The visual comparative analyses in ablation studies

4.6 Failure cases and analyses

While our model generally demonstrates strong performance, there are instances where it encounters challenges. Here, we present a few scenarios that TMAI-Net was unable to handle, along with their resolutions.

The failure cases illustrated in Fig. 8 highlight instances in which our model did not yield satisfactory prediction results. 1) The area of saliency is particularly similar to the background in terms of color or texture. In Fig. 8(a), since the swimming fish and the deep sea’s blue backdrop resemble one another quite a bit, it is challenging for TMAI-Net to determine the exact saliency region. 2) Accurate prediction of saliency results for human postures. In Fig. 8(b), for the dancer’s dancing limbs or head, TMAI-Net cannot accurately predict the viewer’s area of attention while watching the dancer dance. 3) Blurred saliency areas in the shot. In Fig. 8(c), a man is teasing a dog with a dog teaser. When the dog teaser is thrown, the ground-truth map shows that the viewer’s attention should be drawn to the distant dog teaser. The ground-truth map reveals that the viewer’s focus is diverted to the far-off dog when it goes to pick up the faraway stick. However, TMAI-Net’s prediction results in the attention being drawn to the man in the near distance. 4) There are a lot of things that are moving in the video. There are a lot of moving persons in the movie in Fig. 8(d). The person whose motion is most obvious draws the attention of the human eye. However, the results of the computational model are scattered to the others. The large number of moving objects in the video makes it difficult for the model to generate accurate predictions.

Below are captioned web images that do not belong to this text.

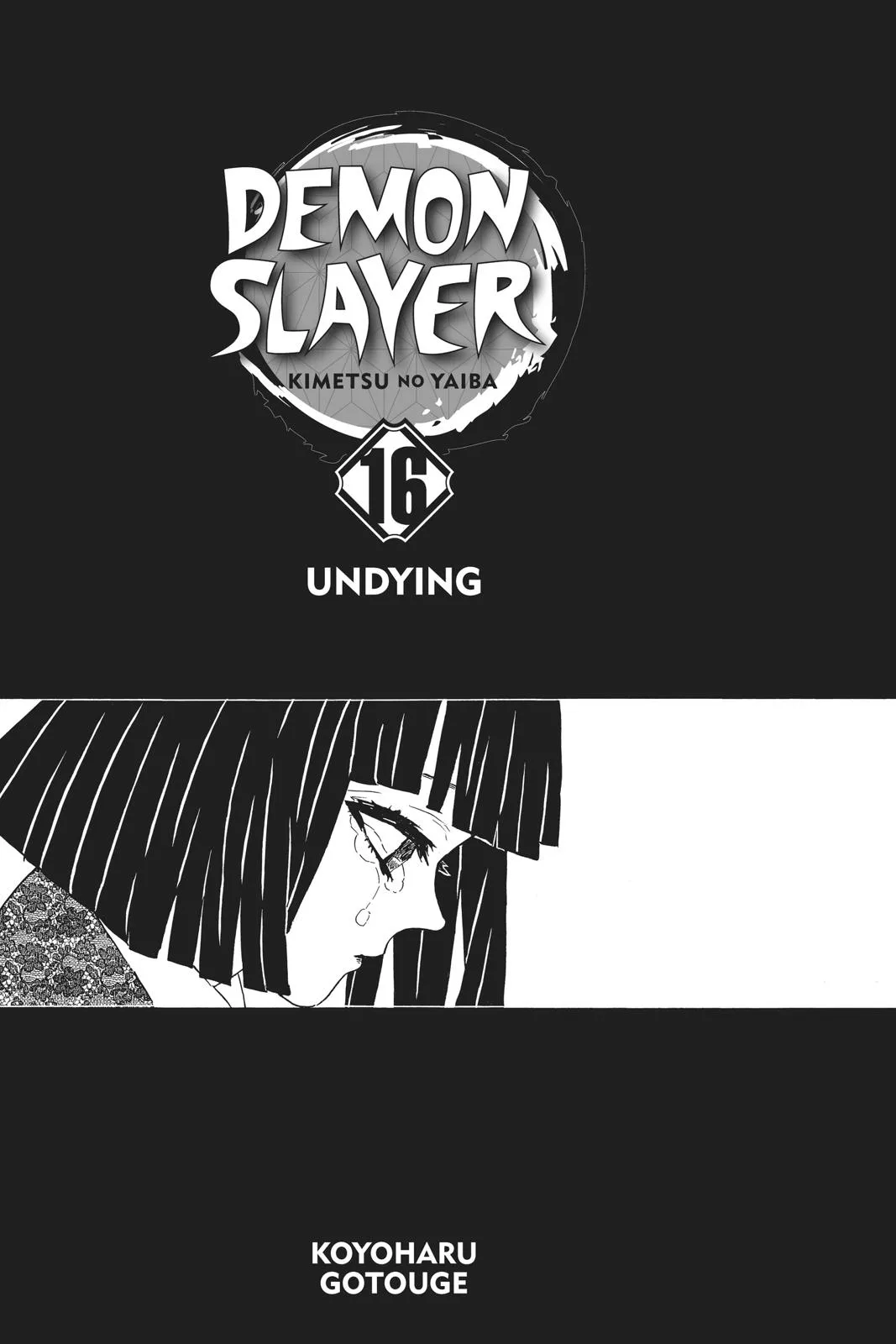 Read Demon Slayer Kimetsu no Yaiba EN Manga Online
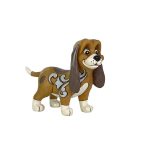 Jim Shore Disney Traditions Copper Mini Figurine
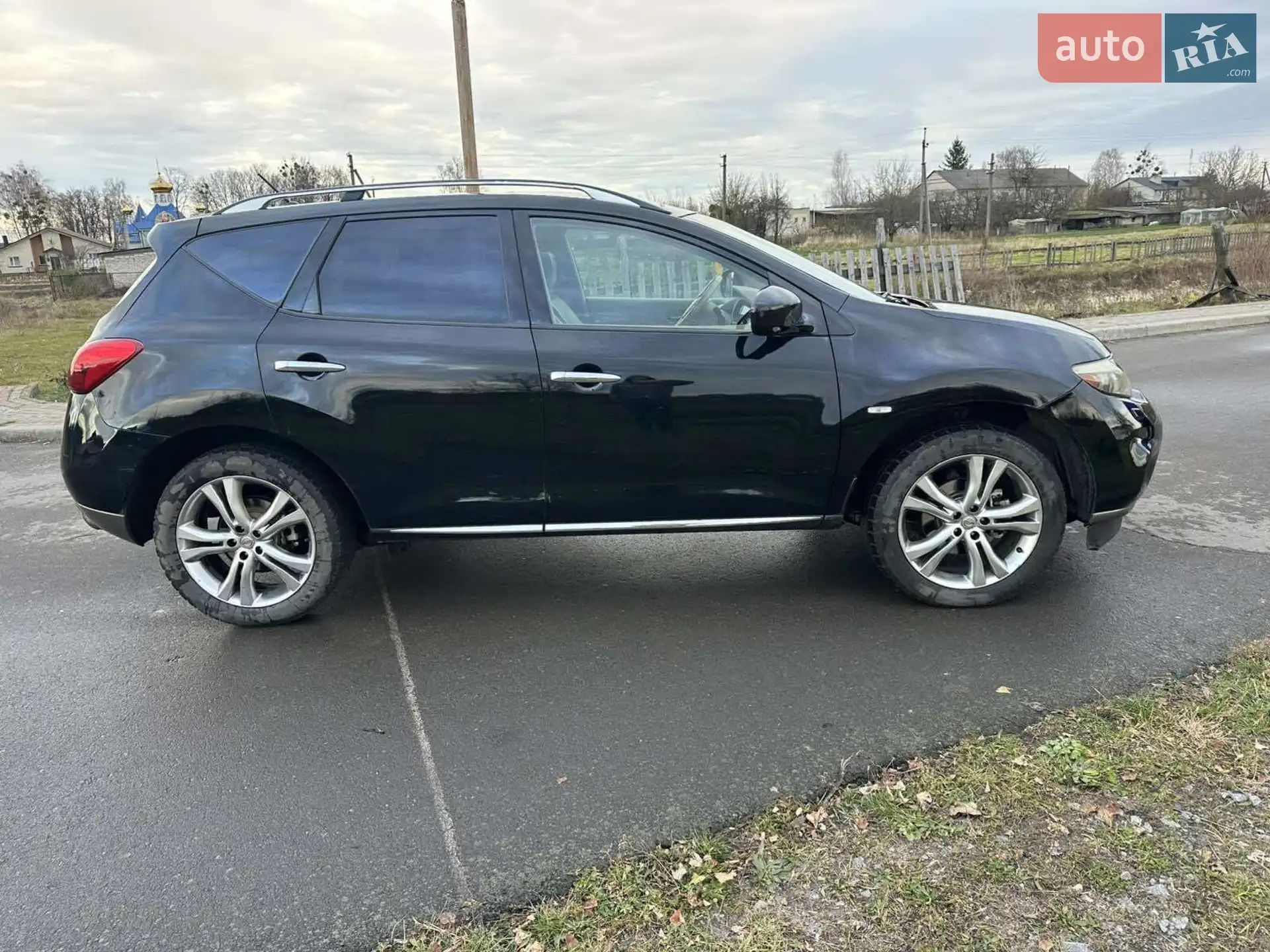 2011 Nissan Murano - мініатюра 3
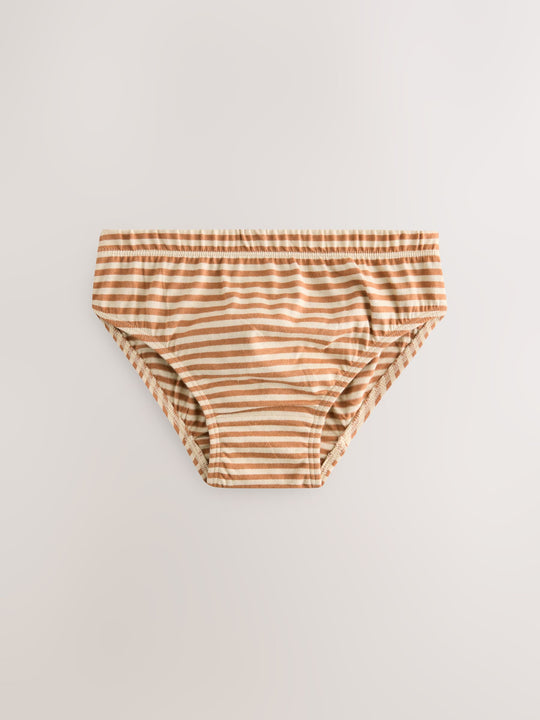 Safari Print Briefs 10 Pack (1.5-10yrs)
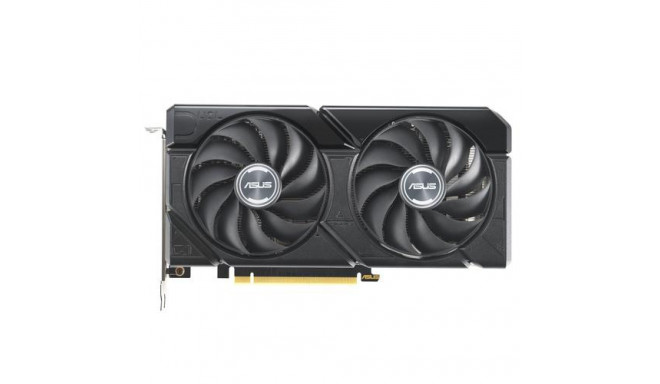 ASUS Dual -RTX4060TI-8G-EVO NVIDIA GeForce RTX 4060 Ti 8 GB GDDR6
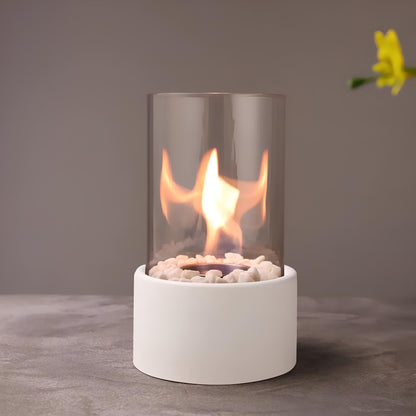 Luminara Olielamp – Tijdloze gloed en elegantie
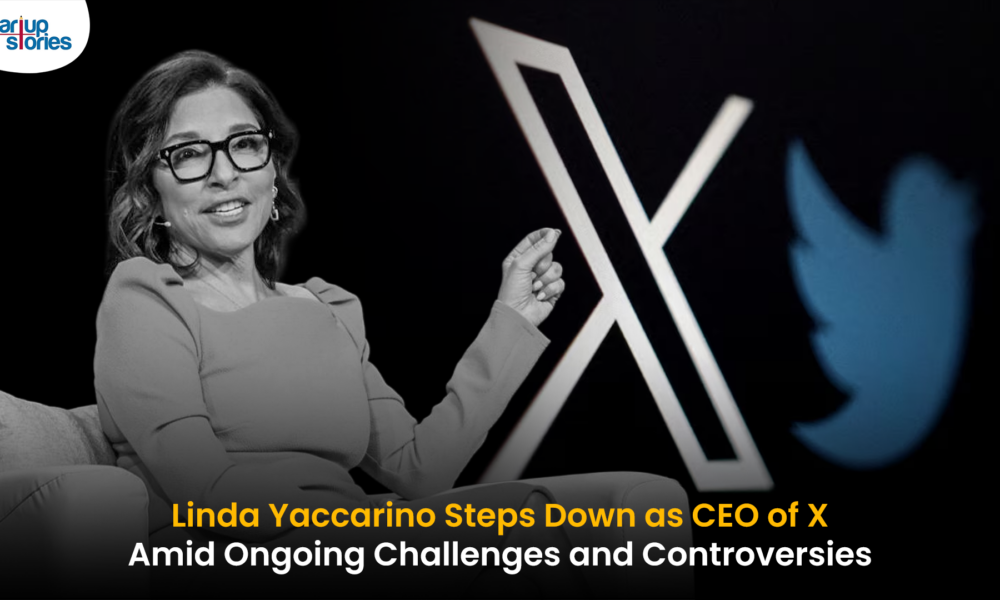 Linda - Startup Stories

By analysing the above failure cases, we found that these scenarios are not common in the dataset. We can add more similar cases in the training set to improve the accuracy of the model in these scenarios. In addition to this, for cases (a) and (b), there exist specialised directions in object detection to be researched, i.e., video camouflage object detection and human pose estimation. In order to improve the accuracy of case (a) and case (b), we can introduce the solution of these two directions in our model in the future. For cases (c) and (d), the complex and changing scene and multiple moving objects make it difficult for the model to accurately localise the saliency region. This is because TMAI-Net can only infer saliency results from a video clip and cannot understand the contextual information in the video as humans do, and it is difficult for the model to capture the interactions between moving objects. How to make the model understand the contextual information conveyed by the video more accurately is a worthwhile research problem in our future work.

Fig. 8
figure 8

Several cases of our method failing on the DHF1K dataset

5 Conclusion

In this paper, a novel Transformer-based Multi-level Attention Integration Network (TMAI-Net) for video saliency prediction is proposed. We propose a Multi-level Interactive Attention (MLIA) module that can capture long-range dependencies among the temporal channel’s time steps. In the MLIA module, the long-range spatio-temporal dependency update is achieved by computing dependencies at different time steps using the self-attention mechanism. Based on Transformer’s inherent global feature interaction capabilities, we add MLIA and Transformer to the shallowest and deepest of the model’s four branches extracted from the encoder, directly establishing the global context at different levels. Furthermore, for the model’s two-stream input, we add the Transformer module to mine their structural similarity between related objects and make the model focus more on saliency regions in the video. Comprehensive experiments have demonstrated that TMAI-Net is competitive with current state-of-the-art approaches. The ablation experiment’s findings offer convincing proof of the efficiency of each TMAI-Net component.